White-hot, coherent packets of copper ions flashed around the starship. Several missed, either tearing off into space where they would continue for nearly a light-year before becoming too attenuated to do much damage to anything, or else spending their fury against the thin atmosphere and crust of Iabreton II. Three struck home, detonating through hull and decks, venting entire compartments to space at the same time that the sheer thermal and kinetic energy release turned the crew inside into scorched debris. A fourth struck the reactor. The battlecruiser turned into a small sun, bringing a third dawn to the surface below.
Then the Dauntless was overhead, whipping past the moon at well over escape velocity, her drive plume a blinding dagger of blue-white fire ahead of her, dropships spilling from her hatches as her powerguns hammered at the two frigates that were either just rising above the moon’s horizon or beginning to dip below it. A glancing hit on one killed a dozen yeheri in a fraction of a second. The other managed to get enough chaff in the way that the hull held when the remains of the plasma bolt got through. Then the Caractacan starship was gone, dwindling into the distance toward the dark limb of the gas giant even as the dropships decelerated savagely, falling toward the reddish surface below.
Scalas endured the gees as the dropship fell atop a thundering pillar of fire. The Brothers were trained to endure prolonged entries at up to six gees, and this was only five. Furthermore, his armor was designed to keep its weight off his chest under acceleration. Still, it was difficult to breathe. For a man to suddenly weigh half a metric ton is not easy on the human body, no matter how well-trained and honed that body is.
A holographic representation of the descent was being projected on his eyeslit. The five truncated cones of the century’s dropships were beginning to glow and shake from the increasing friction of the moon’s meager atmosphere. Still, this was nothing compared to the fiery blaze of atmospheric entry on a larger world. Besides, the drive plumes were also carving their way through the upper atmosphere, lessening the air resistance on the ships themselves.
“Five minutes!” came the warning from the cockpit.

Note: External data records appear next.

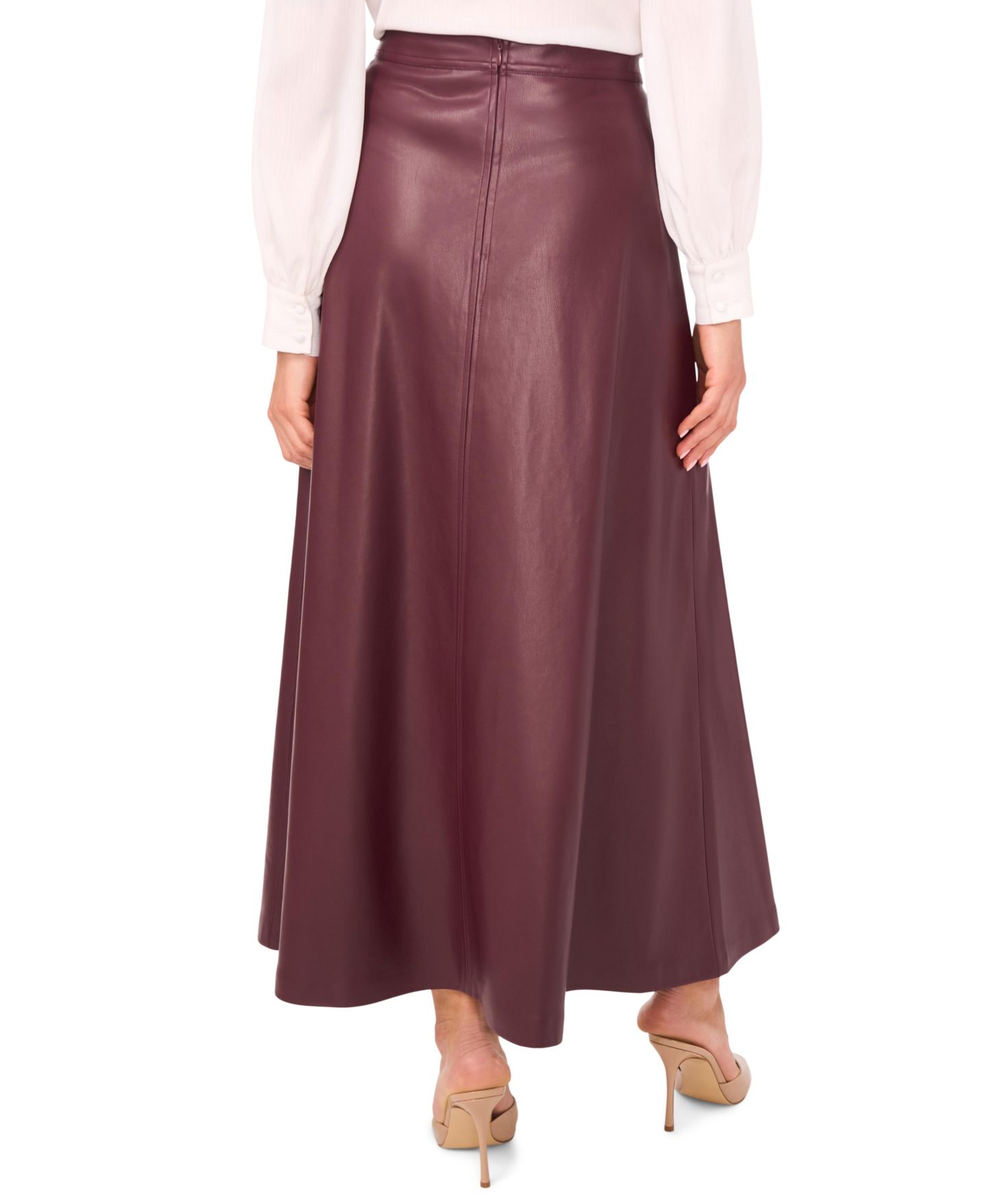 Женская юбка Vince Camuto Faux-Leather Seamed Maxi, цвет: Виноградный винный — фото 3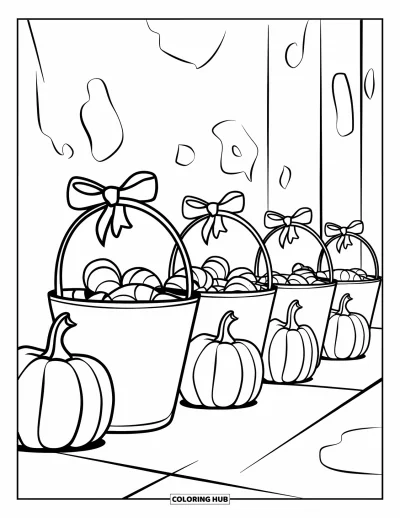 Preppy-Halloween-Ausmalbild für Kinder: Eimer mit Schleifen quellen über vor Süßigkeiten neben einem gruseligen Spukhaus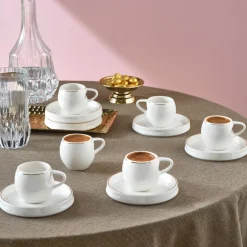 Karaca Mokka & Espressotassen Set-Streamline Sunset 6-teiliges Kaffeetassen-Set für 6 Personen, 100 ml Weıß01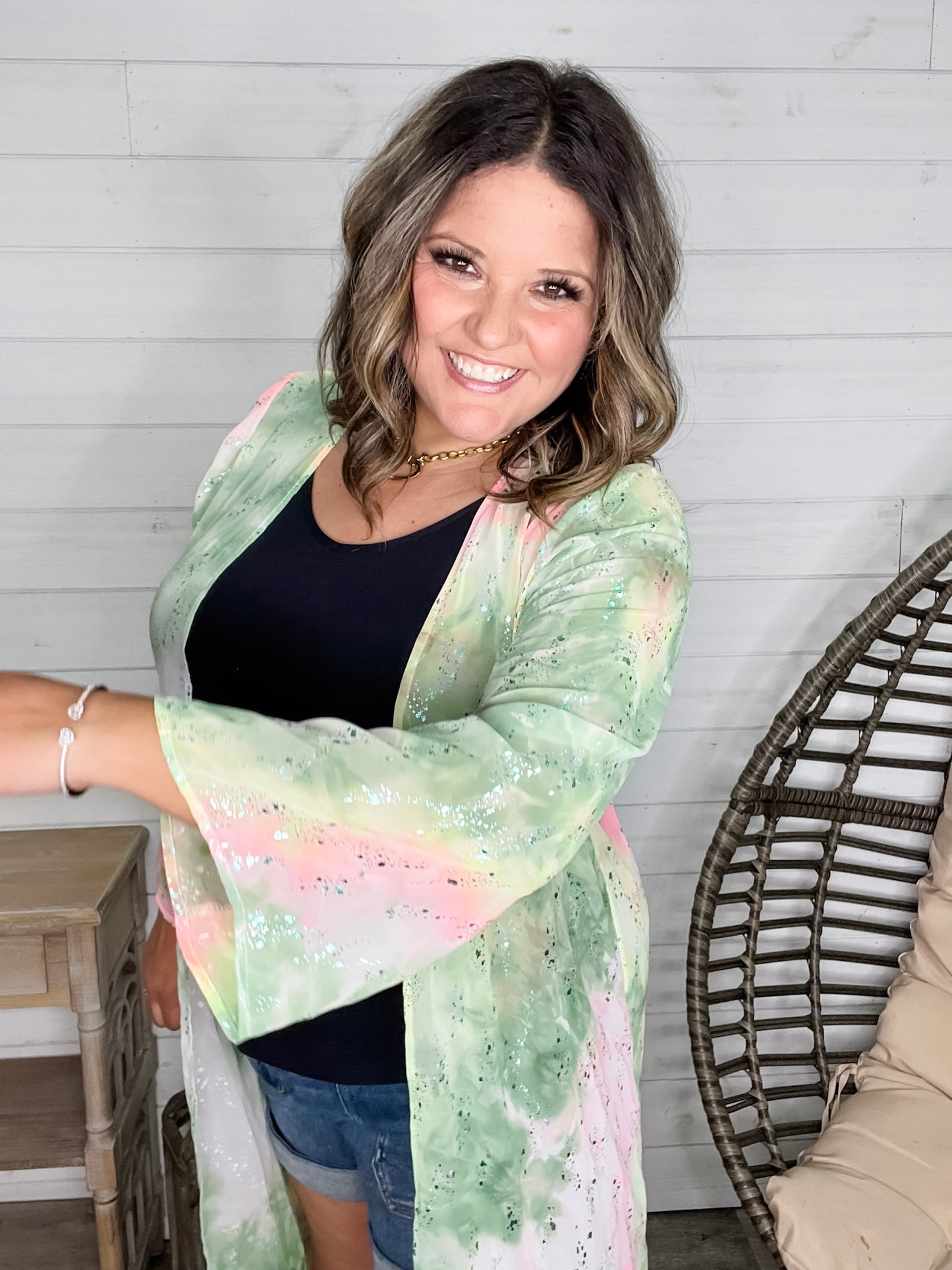 "Mint Julep" Wide Sleeve Kimono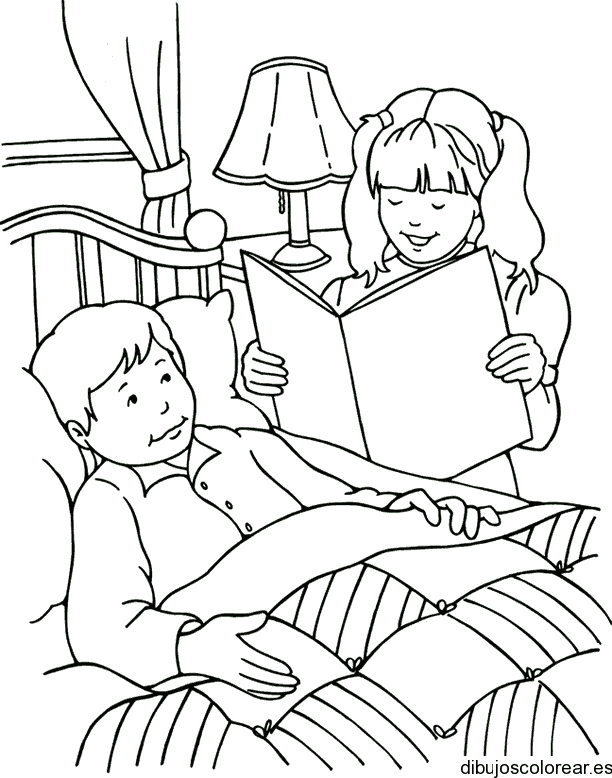 Dibujo de una niña leyendo a su hermano enfermo para colorear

The acceleration didn’t lessen; if anything, the pressure seemed to increase. The pilot was throttling up, trying to dump as much velocity as possible before slamming into the ground below. Scalas’s vision darkened, but he forced himself to stay conscious. The minutes ticked away with agonizing slowness. The shaking intensified, then started to smooth out.
“Thirty seconds!”
The pressure eased as the pilot throttled back. They were now descending at only one gee, and
the Brothers quickly unclasped their weapons and prepared to deploy.
It was not a gentle landing. The dropship hit hard, the pistons in the landing legs compressing fully to absorb some of the shock of the multi-ton lander’s impact. Every armored form in the troop compartment was hammered deeper into his acceleration couch.
Then the dropship doors were falling open. Scalas punched the release on his harness and rolled out of his couch, heaving himself to his feet and charging down the still-descending ramp, sprinting for the nearest cover. In four-fifths of a gee, it was more a series of long bounds than a proper sprint, but in seconds, he was down on a knee behind a rise, his powergun in his shoulder, scanning the broken ground around them.
The dropships had landed some distance away from the enemy emplacements, the pilot having picked the drop zone on the fly as he observed the visible enemy dispositions from above. All the information had been relayed to the ground troops via holo display on the descent, so they all knew where they were, as well as where the enemy was.
Scalas found himself and his century deployed on the bottom of what might have been a meteorite crater. The crater rim rose slowly above them and fell away to the west, where it had collapsed at some distant time in the past. The dusty ground underfoot was reddish, though there was plenty of iron-gray mixed in. There was no sign of vegetation. If there ever had been any on this moon, it was long since dead, killed by a waning atmosphere, or perhaps by the radiation sleeting from nearby Iabreton. The Brothers’ armor would shield them from the radiation, at least until the job was done.